SOURCE RECORDS Block Start

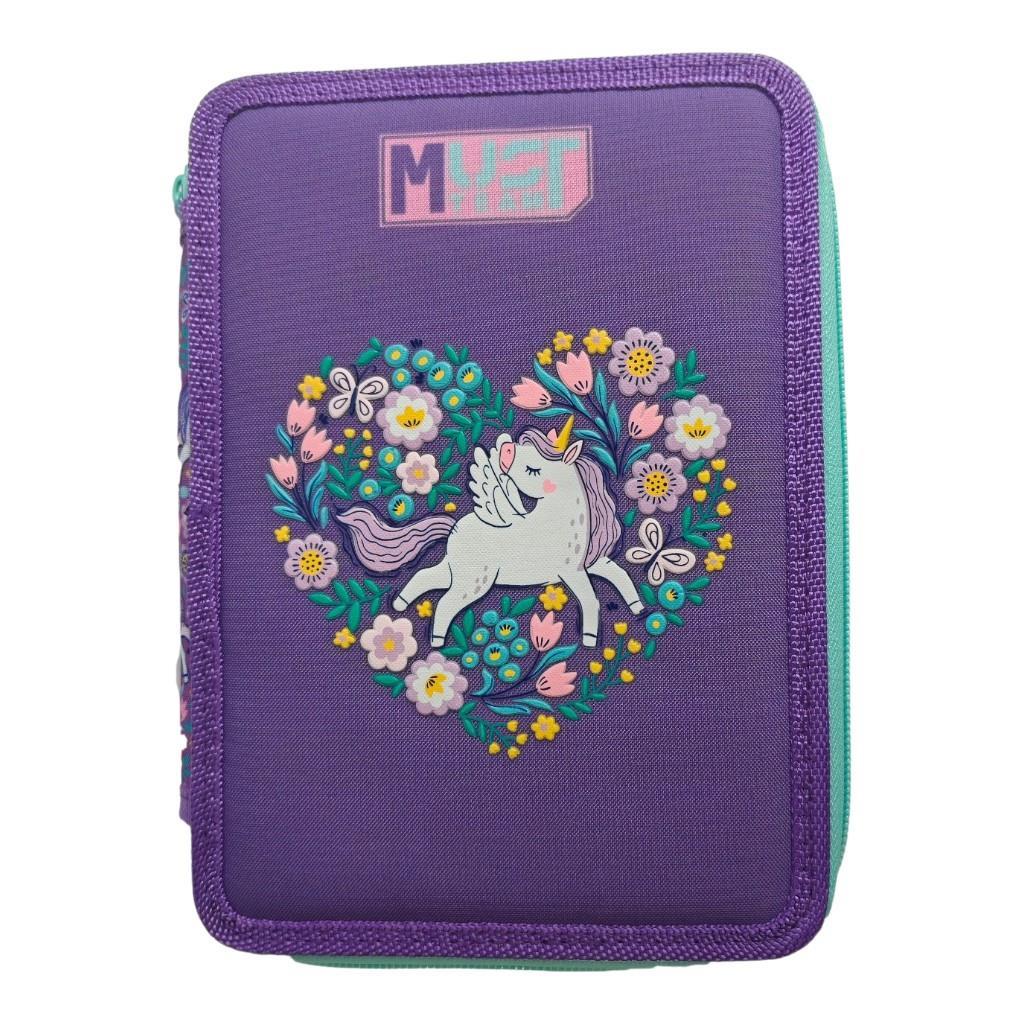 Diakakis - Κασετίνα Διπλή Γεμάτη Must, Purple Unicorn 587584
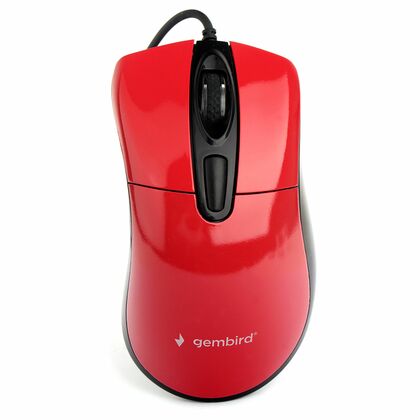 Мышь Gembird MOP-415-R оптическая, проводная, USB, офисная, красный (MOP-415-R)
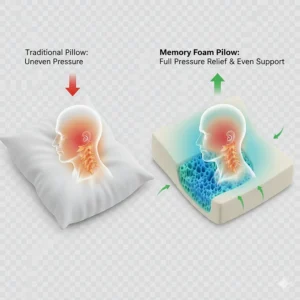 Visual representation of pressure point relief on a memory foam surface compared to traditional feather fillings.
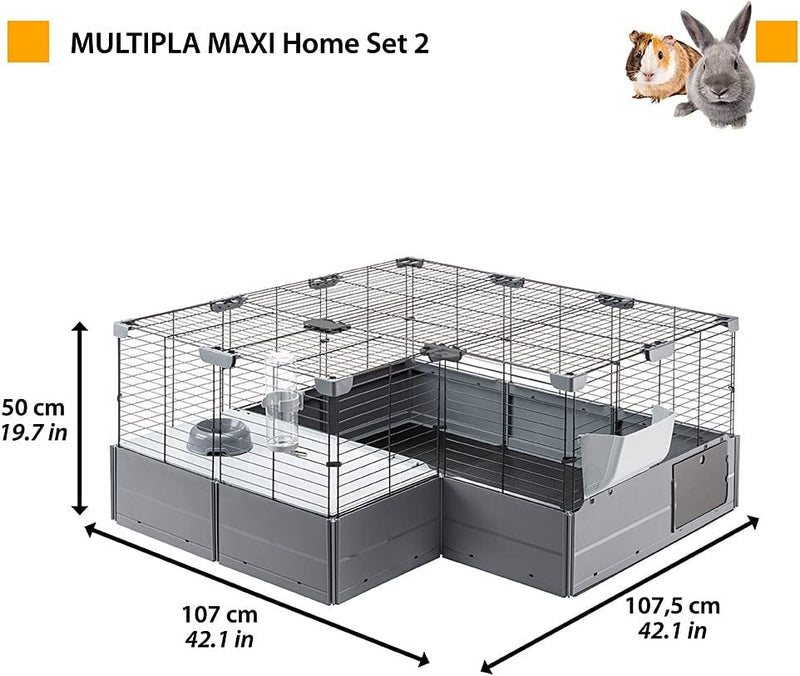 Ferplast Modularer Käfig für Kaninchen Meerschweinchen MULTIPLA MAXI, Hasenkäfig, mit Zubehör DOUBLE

SOURCE RECORDS Block End
SOURCE RECORDS Block Start

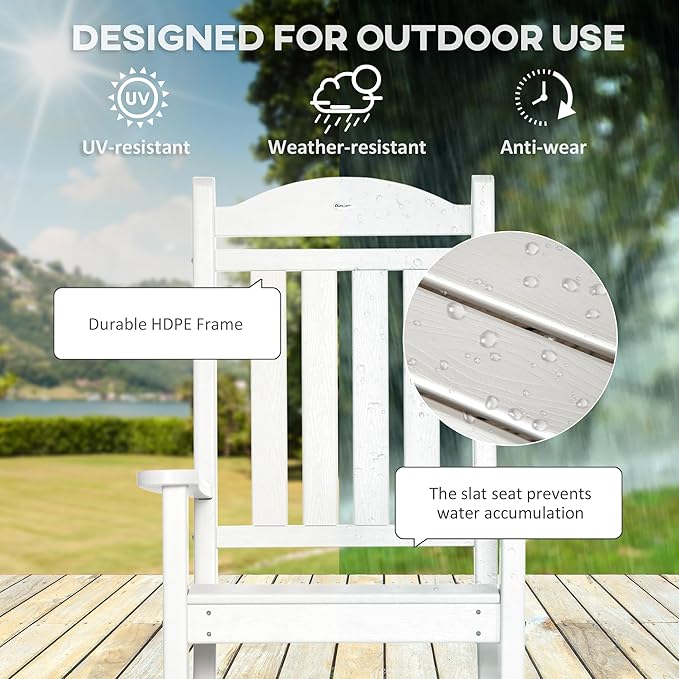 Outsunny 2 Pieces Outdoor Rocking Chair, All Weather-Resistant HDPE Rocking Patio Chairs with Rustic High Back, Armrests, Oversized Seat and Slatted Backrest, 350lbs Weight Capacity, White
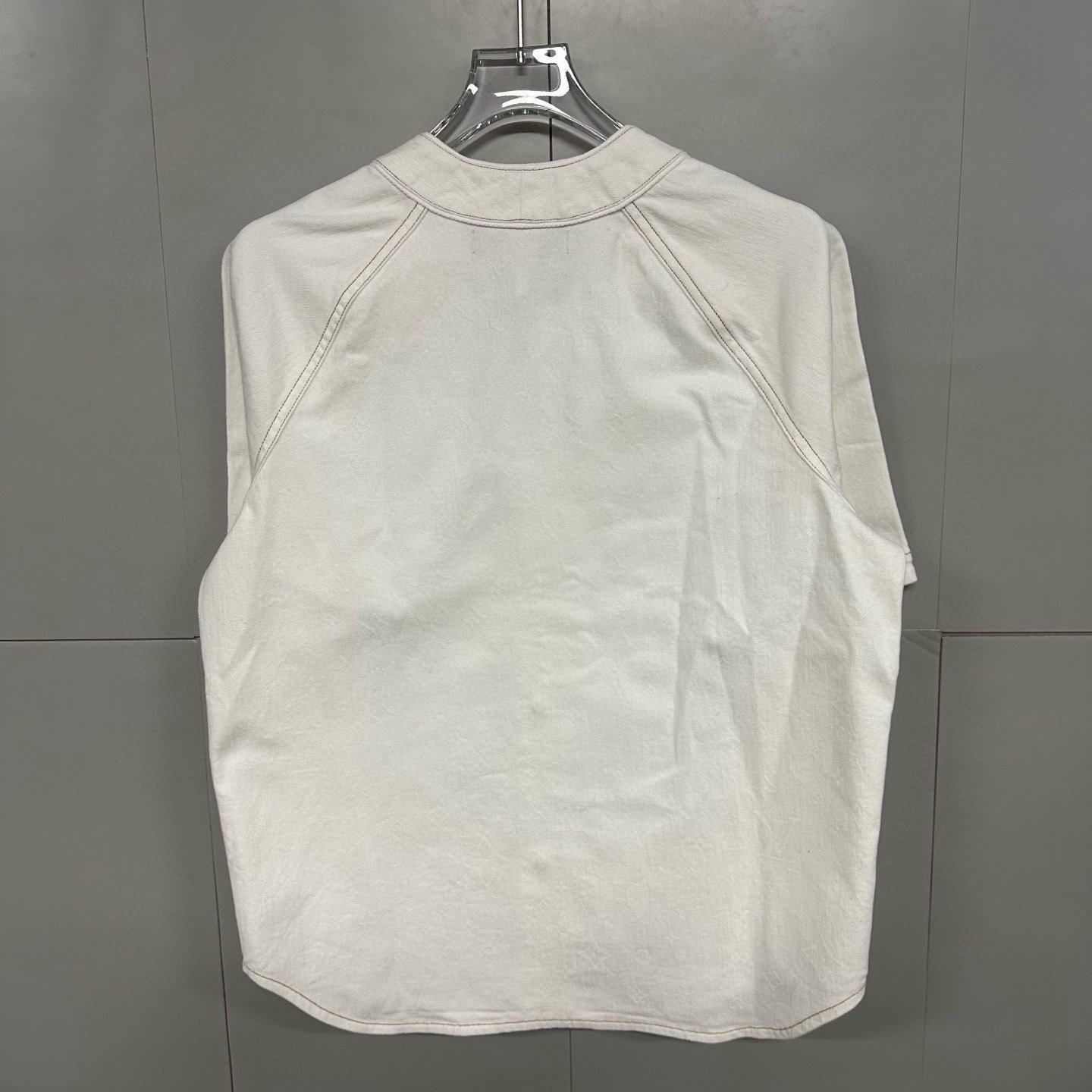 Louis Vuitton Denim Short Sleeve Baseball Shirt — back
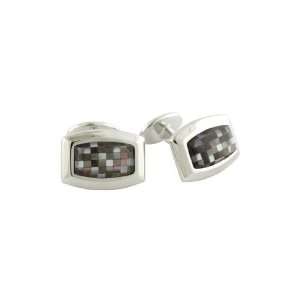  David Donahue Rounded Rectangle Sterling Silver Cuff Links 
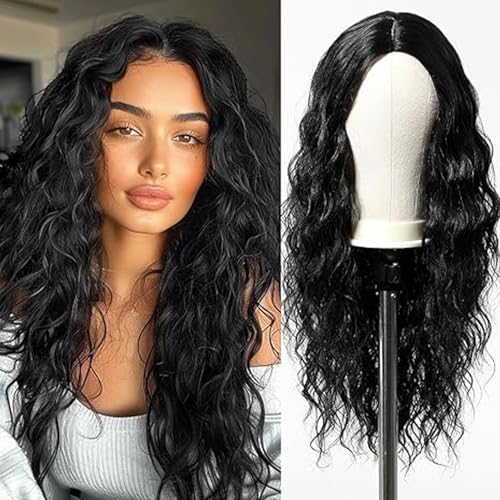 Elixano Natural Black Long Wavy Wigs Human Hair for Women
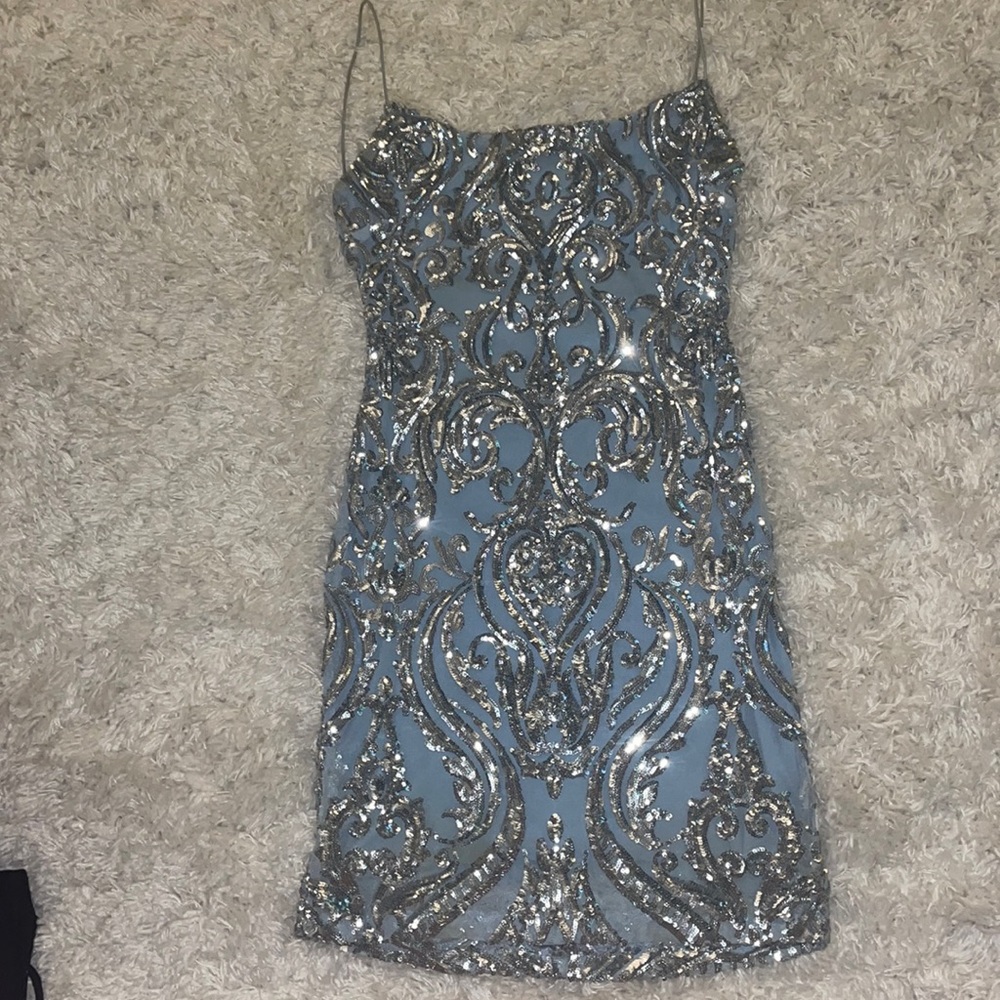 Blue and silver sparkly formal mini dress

SOURCE RECORDS Block End

[ABOUT THIS TASK]: From the data above, return only the lines starting at the line that holds "Louis Vuitton Denim" and ending at the line that holds "Blue and silver sparkly formal mini dress", word for word and without pictures.

[EXERCISE SOLUTION]:
 Louis Vuitton Denim Short Sleeve Baseball Shirt — back
  David Donahue Rounded Rectangle Sterling Silver Cuff Links 
 Elixano Natural Black Long Wavy Wigs Human Hair for Women
 Blue and silver sparkly formal mini dress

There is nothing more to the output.